Since you mention that you were looking at the 300mm Symmar MTF curves I can understand our different impressions. I was looking at the 480mm thinking that it has the closest focal length. Understand that when you use the 300mm for comparison with the 600mm telephoto because they have similar image circles you end up comparing very different angular coverage. Assuming the MTFs are very similar, what they are telling you is that the Symmar performs similarly to the telephoto at twice the angular distance from the center. Another way of looking at it which i think would give an sense of the individual lens formula characteristics would be to compare the portion of the MTF curves needed to cover 8x10 with the 600m tele to the portion needed to cover 4x5 with the 300mm symmar. Then you're comparing equivalent angular coverage which seems dimensionally logical.

For what it's worth, I don't think there is a whole lot to understand about MTF graphs once you understand what they mean and figure out all of the associated parameters on the charts. The difficulty is getting a sense of how a particular curve influences the visual character of an image. I am not an expert by a long shot but I can relate a similar experience from the 35mm world. I've used several different 50mm Pentax lenses and they are all very decent. some years ago Pentax released a really fancy 43mm lens with all sorts praise and great reviews.

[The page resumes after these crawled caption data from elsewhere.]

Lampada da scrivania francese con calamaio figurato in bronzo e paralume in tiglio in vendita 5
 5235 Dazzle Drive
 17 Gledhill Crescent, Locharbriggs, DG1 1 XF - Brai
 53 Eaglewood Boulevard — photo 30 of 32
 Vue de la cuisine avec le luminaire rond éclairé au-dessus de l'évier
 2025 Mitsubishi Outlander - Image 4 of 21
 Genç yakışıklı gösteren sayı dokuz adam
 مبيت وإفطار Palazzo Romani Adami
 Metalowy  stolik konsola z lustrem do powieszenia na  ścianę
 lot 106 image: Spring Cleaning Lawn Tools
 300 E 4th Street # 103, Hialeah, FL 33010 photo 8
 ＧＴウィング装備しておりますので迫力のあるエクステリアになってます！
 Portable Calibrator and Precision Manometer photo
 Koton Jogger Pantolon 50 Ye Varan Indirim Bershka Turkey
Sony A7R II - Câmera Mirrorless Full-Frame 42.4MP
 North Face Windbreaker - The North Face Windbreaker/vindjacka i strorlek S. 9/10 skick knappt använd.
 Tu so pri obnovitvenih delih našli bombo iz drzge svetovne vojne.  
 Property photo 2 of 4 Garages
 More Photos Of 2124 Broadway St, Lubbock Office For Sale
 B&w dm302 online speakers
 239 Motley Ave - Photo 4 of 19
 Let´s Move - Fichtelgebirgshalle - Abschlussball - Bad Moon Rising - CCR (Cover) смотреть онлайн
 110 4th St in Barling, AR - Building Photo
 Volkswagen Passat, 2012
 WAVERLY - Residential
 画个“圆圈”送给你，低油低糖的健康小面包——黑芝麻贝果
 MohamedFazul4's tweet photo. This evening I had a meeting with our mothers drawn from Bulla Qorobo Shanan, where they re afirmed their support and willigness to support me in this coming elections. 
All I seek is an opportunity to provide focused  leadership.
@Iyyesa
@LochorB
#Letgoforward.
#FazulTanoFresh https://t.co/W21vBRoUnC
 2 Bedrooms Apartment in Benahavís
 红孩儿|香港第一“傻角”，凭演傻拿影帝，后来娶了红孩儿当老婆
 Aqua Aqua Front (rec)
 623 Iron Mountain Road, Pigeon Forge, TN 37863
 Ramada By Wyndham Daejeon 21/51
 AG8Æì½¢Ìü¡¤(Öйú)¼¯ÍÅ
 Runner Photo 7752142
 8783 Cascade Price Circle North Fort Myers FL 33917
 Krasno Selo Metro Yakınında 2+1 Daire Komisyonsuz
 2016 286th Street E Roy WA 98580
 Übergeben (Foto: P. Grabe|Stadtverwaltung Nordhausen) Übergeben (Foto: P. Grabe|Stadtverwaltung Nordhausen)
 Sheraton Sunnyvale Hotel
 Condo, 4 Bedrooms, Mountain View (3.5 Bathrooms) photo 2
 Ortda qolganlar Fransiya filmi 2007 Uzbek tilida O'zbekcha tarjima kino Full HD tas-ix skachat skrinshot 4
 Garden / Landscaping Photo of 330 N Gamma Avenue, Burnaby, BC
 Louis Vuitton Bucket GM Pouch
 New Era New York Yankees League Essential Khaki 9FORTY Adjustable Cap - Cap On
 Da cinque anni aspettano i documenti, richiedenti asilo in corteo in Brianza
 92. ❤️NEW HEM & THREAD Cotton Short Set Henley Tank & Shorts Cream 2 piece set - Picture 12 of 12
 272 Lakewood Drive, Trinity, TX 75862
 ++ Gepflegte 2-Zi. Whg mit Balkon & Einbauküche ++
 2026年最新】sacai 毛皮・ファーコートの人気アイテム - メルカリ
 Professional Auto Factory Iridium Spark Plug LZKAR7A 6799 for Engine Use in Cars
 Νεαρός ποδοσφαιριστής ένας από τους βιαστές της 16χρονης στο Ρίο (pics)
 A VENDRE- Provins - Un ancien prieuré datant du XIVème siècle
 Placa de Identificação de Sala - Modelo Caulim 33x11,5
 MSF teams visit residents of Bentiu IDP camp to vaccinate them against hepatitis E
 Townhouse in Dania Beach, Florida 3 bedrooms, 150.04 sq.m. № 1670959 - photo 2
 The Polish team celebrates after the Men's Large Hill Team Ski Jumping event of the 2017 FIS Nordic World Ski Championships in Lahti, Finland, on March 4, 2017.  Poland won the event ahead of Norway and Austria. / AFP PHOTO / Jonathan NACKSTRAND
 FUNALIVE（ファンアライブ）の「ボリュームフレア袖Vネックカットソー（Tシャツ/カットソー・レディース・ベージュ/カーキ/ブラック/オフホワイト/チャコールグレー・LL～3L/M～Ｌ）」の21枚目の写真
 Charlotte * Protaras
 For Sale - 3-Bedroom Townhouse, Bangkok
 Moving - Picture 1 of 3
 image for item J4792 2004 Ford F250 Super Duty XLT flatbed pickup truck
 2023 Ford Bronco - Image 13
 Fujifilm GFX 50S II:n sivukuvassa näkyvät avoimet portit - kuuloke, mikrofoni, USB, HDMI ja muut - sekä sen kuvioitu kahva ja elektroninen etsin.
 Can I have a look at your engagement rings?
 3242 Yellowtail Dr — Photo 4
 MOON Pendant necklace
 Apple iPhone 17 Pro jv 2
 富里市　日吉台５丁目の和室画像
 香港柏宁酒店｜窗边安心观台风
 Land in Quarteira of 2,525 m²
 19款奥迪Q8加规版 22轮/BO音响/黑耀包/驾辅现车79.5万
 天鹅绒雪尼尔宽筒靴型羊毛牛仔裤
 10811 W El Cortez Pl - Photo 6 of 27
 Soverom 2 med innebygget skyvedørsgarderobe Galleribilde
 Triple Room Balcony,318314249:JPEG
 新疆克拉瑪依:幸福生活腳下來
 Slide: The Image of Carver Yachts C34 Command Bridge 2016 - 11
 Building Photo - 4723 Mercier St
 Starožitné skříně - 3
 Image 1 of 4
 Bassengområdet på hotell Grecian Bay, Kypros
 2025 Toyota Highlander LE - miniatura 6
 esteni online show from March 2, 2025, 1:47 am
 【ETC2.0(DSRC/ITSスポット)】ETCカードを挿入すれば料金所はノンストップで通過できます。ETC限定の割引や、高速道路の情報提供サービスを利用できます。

I have one and it makes those images that just jump out at you with incredible contrast and a particularly 3D look. I absolutely love it. I was surprised later on when I found that tests consistently show it to have lower resolution than any of the much older 50mm lenses. It's only been recently that I've come to understand that this is not at all puzzling but actually makes complete sense.

I think one could argue that for certain large formats, with their relatively small reproduction ratios, lower high frequency response can be beneficial if one values a contrasty image.